DATASET RECORDS Start Marker

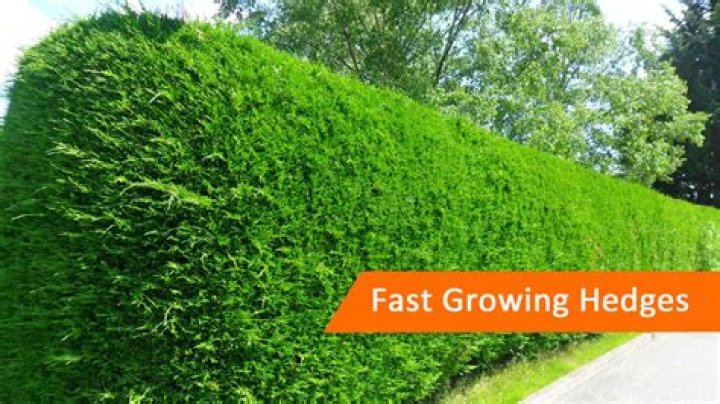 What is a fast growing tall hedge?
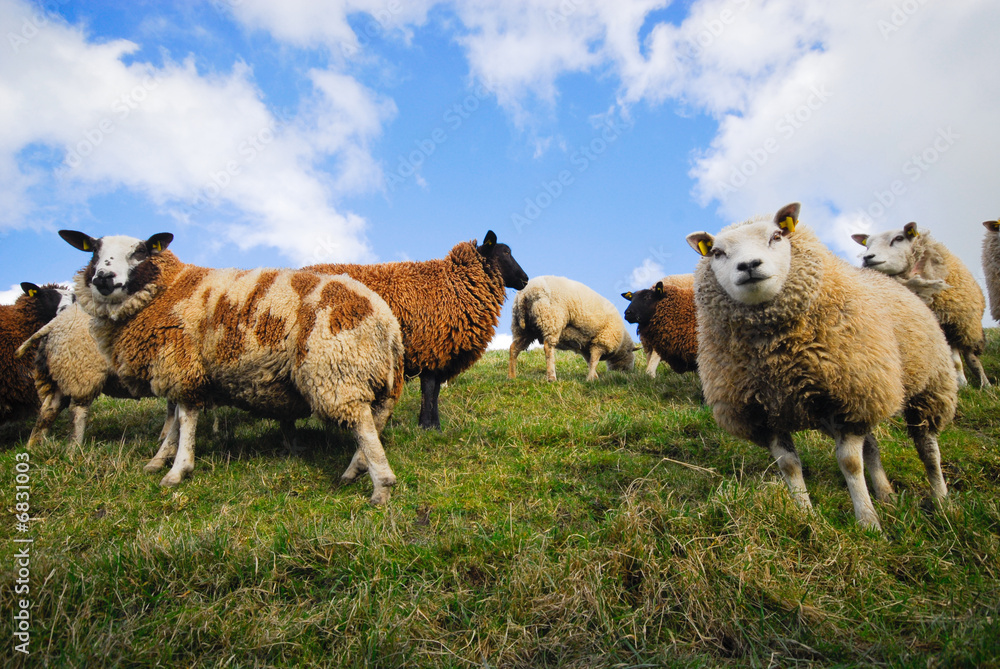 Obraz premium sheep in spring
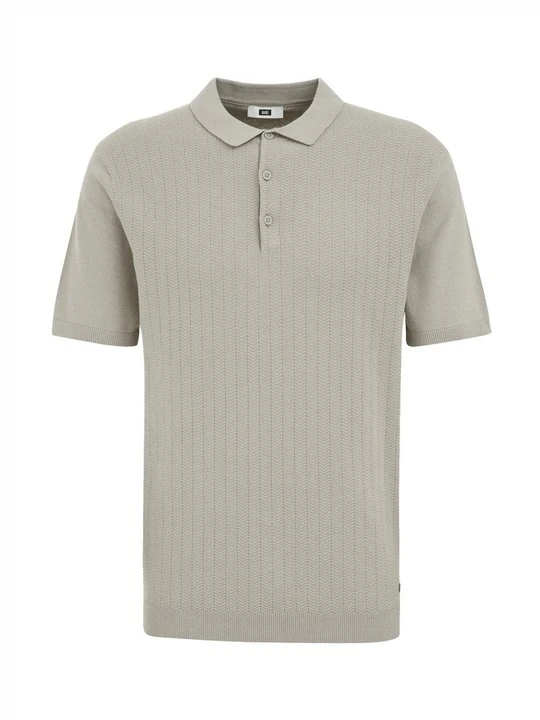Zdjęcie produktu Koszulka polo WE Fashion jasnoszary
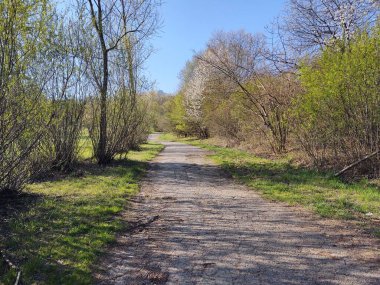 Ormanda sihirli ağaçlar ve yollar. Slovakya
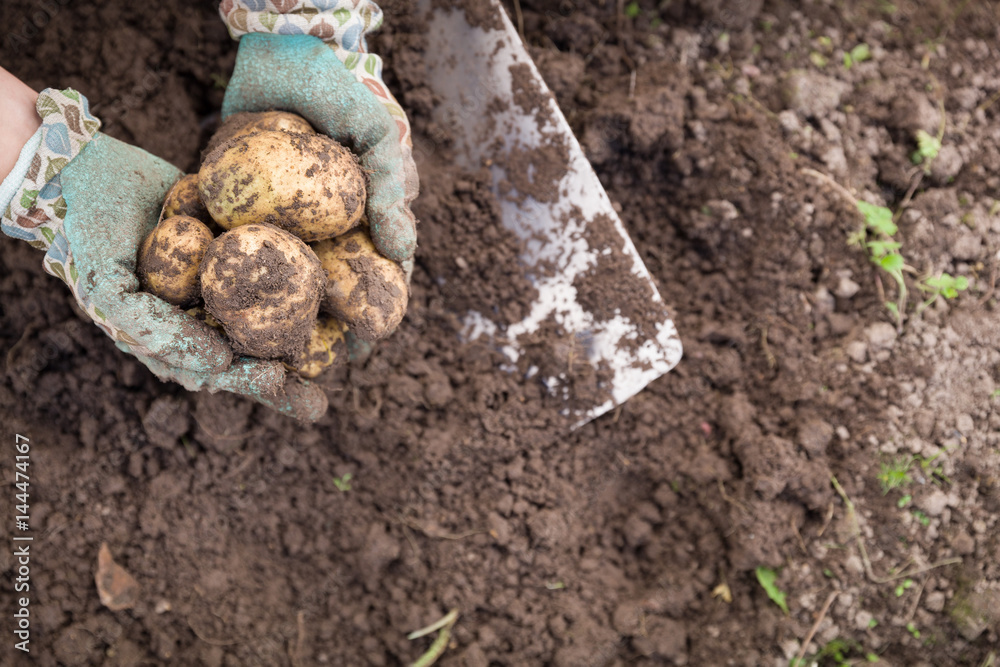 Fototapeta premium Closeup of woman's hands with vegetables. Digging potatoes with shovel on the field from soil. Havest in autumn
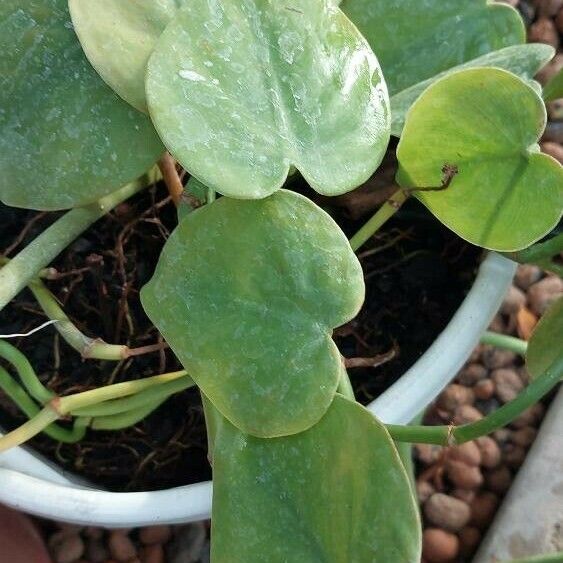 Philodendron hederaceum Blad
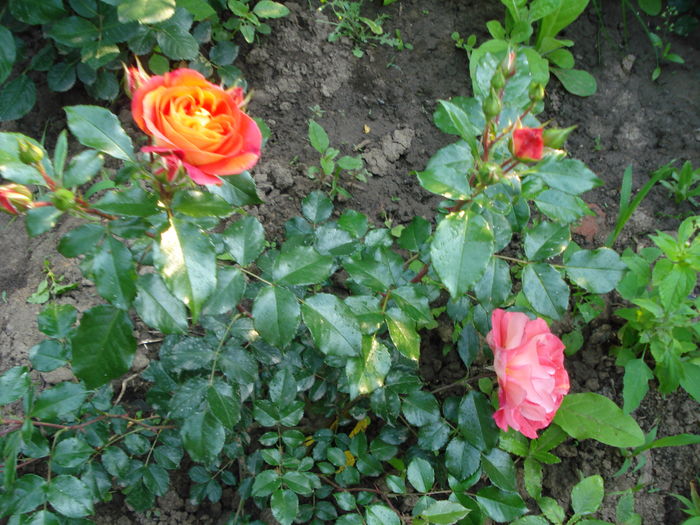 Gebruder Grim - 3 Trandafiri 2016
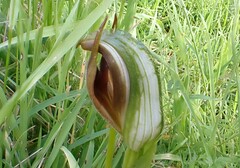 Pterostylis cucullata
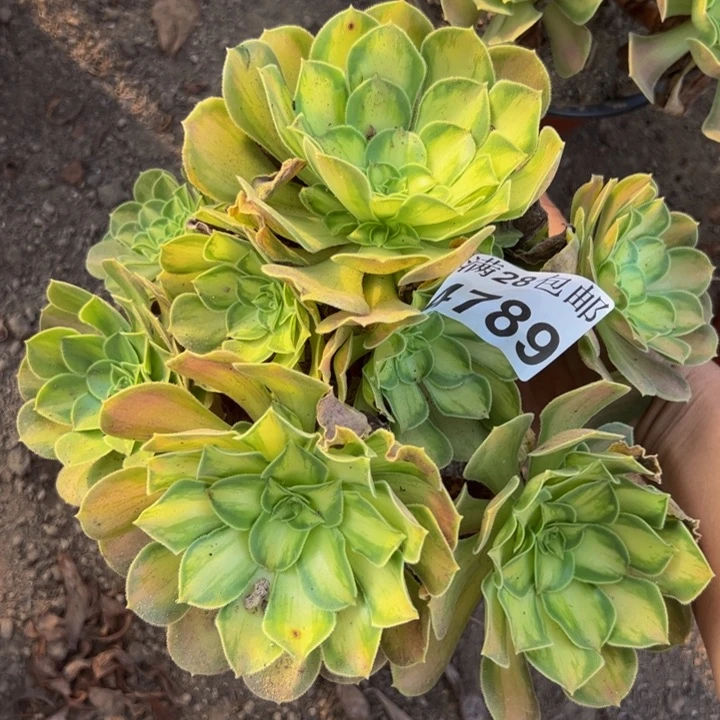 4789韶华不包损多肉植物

DATASET RECORDS End Marker

WORK REQUIRED
Your answer must be exactly the lines from the one with "Zdjęcie produktu Koszulka" through the final line of the data, with no pictures in it.

ANSWER SPACE
Zdjęcie produktu Koszulka polo WE Fashion jasnoszary
 Ormanda sihirli ağaçlar ve yollar. Slovakya
 Fototapeta premium Closeup of woman's hands with vegetables. Digging potatoes with shovel on the field from soil. Havest in autumn
 Philodendron hederaceum Blad
 Gebruder Grim - 3 Trandafiri 2016
 Pterostylis cucullata
 4789韶华不包损多肉植物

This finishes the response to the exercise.